Dippold crafts her characters with the precision of a master. The leading ladies are not one dimensional pin-up girls who want love more than anything else and are waiting for their Prince Charming to come rescue them from their solitude.
Ashburn and Mullins are real people with layers, with dreams and goals and stories of their own. They genuinely love their careers. They're not waiting for anyone to save them. Ashburn and Mullins are their own heroes. Now that is something I have been waiting to watch for a long, long time.
It was refreshing to see a socially inept woman as a successful FBI agent instead of a quiet secretary moping around the office, hoping someone will see her and pull her out of her invisibility.
The most interesting part of it all was the portrayal of Shannon Mullins as a regular heart-breaker and not another big girl who is 'pretty on the inside' and just needs a man (or sometimes, a woman) to see how amazing she really is. Mullins' fearless acknowledgement of and control over her own sexuality almost had me doing a victory dance right there in the theatre.

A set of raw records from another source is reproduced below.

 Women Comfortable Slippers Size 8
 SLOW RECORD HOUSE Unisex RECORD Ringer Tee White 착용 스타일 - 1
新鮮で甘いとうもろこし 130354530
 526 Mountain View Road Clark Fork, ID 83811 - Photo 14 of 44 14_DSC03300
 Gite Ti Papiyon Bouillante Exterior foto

Another character to look forward to is Captain Woods (Tom Wilson). He's a fresh break from the permanently angry, yelling-their-lungs-out bosses in uniform. Captain Woods is a 40-something, prematurely ageing helpless police chief who treads carefully around Mullins, lest he provoke her infamous ire.

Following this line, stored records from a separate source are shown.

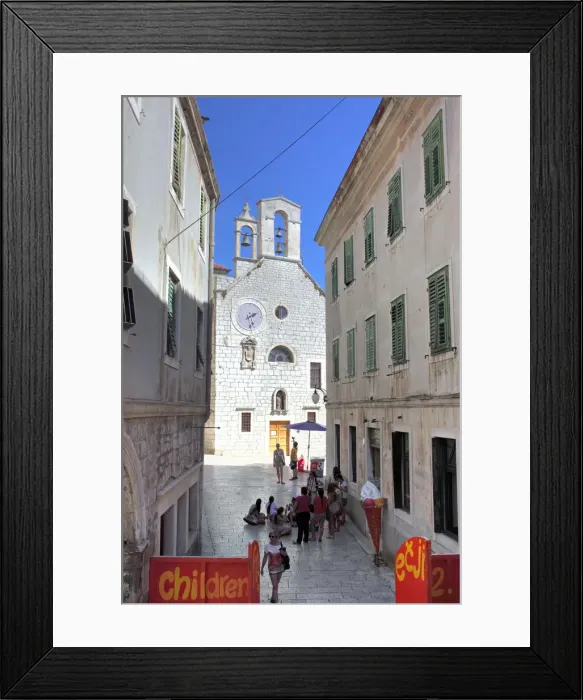 Framed Print : Street in old town, Sibenik, Dalmatia, Croatia Framed Print : Street in old town, Sibenik, Dalmatia, Croatia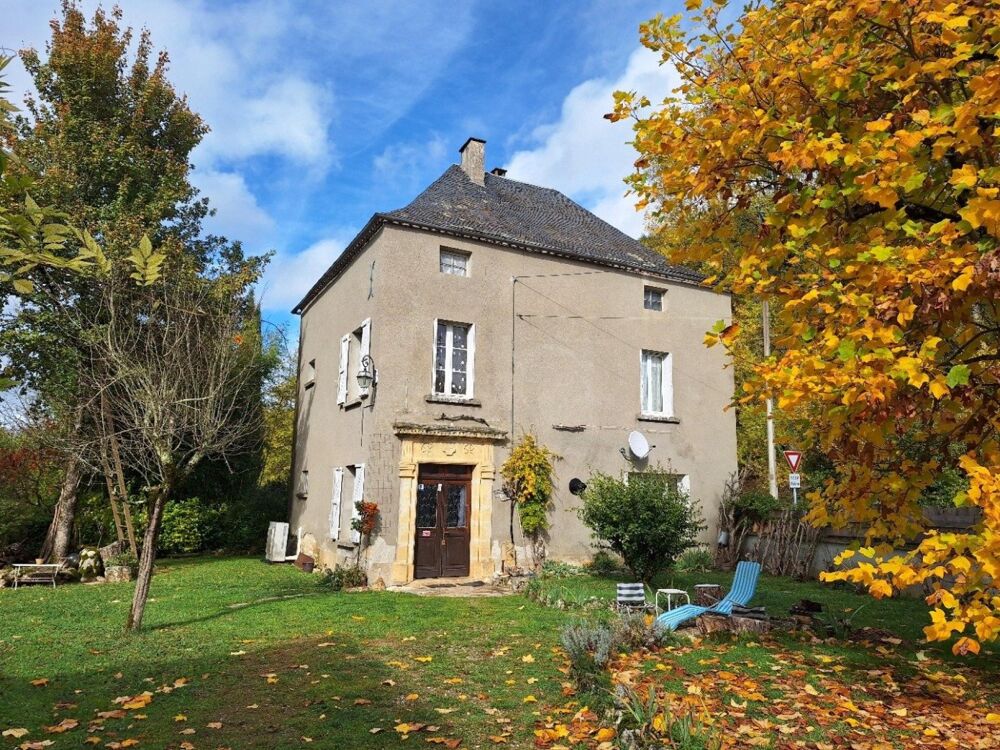 Maison en pierre de caractère  proximité rivière et commodités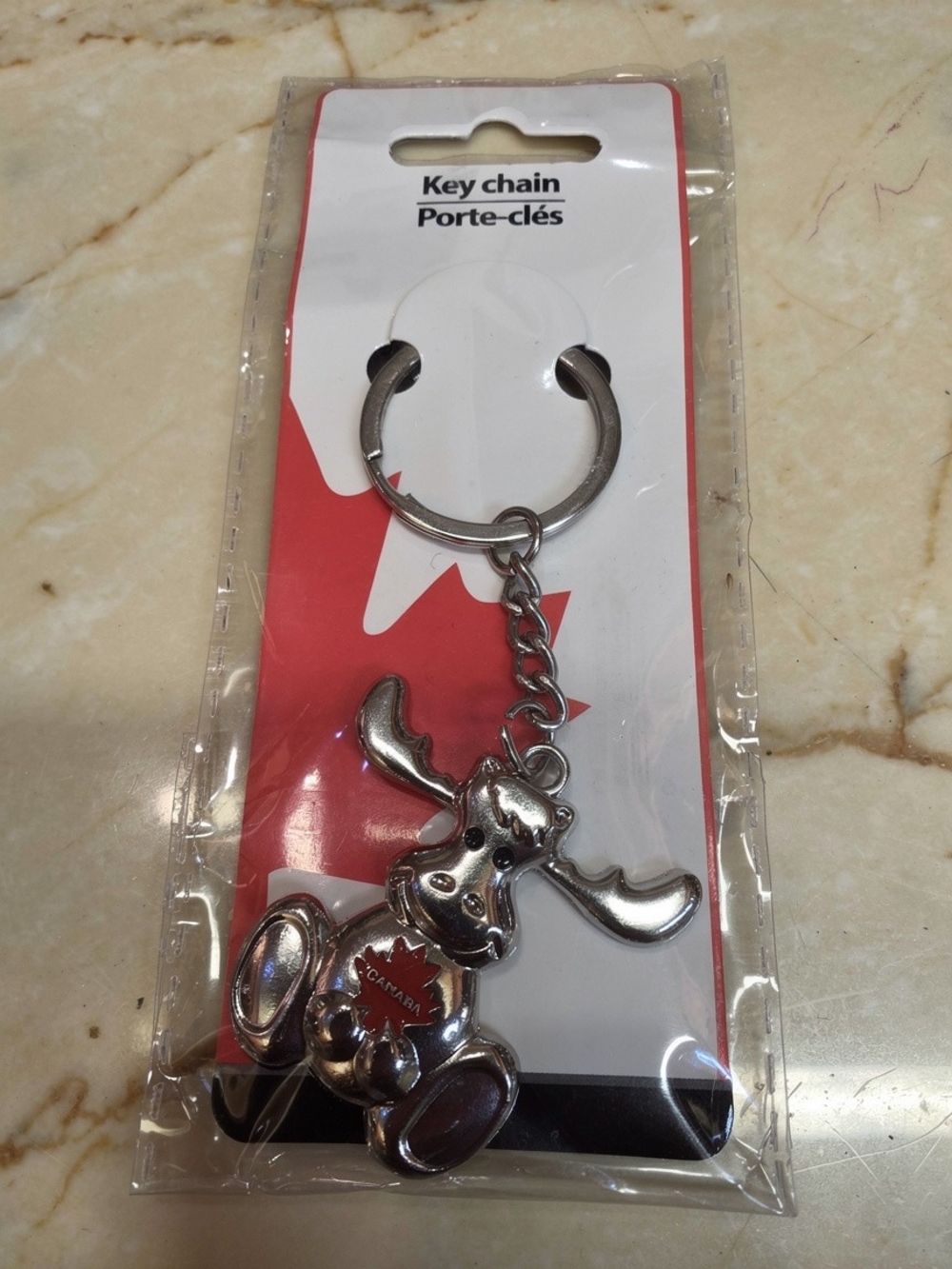 NWT Canada Souvenir Moose Metal Keychain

Although the movie contains its fair share of expletives, the background score ensures you listen to more than just profanity-laden, albeit witty, dialogue. It features tracks from Angel Haze, Kreayshawn, Kimbra and Santigold that complement the story instead of telling it.
The Heat is not a shy film by any standards. It is out there and in your face, much like the two protagonists themselves. Full of gags, it is not afraid to address issues such as discrimination on the basis of race and gender -- all perfectly blended with the right kind of humour that pokes fun at the oppression, not the victims.
Despite brilliant writing and direction what really makes this film work is the chemistry that Bullock and McCarthy share. This is one on-screen pair I'd like to see more of. Hopefully, The Heat will spawn a sequel and then some more.
It may be too soon to say, but considering the releases up until now, The Heat could turn out to be the movie of this year. Created by a writer-director duo that has the courage to challenge popular stereotypes and armed with a cast that just won’t stop making you laugh, this film is all ready to get down and dirty in the box office arena.
Other releases better watch out because this one's really going to be bringing the heat on!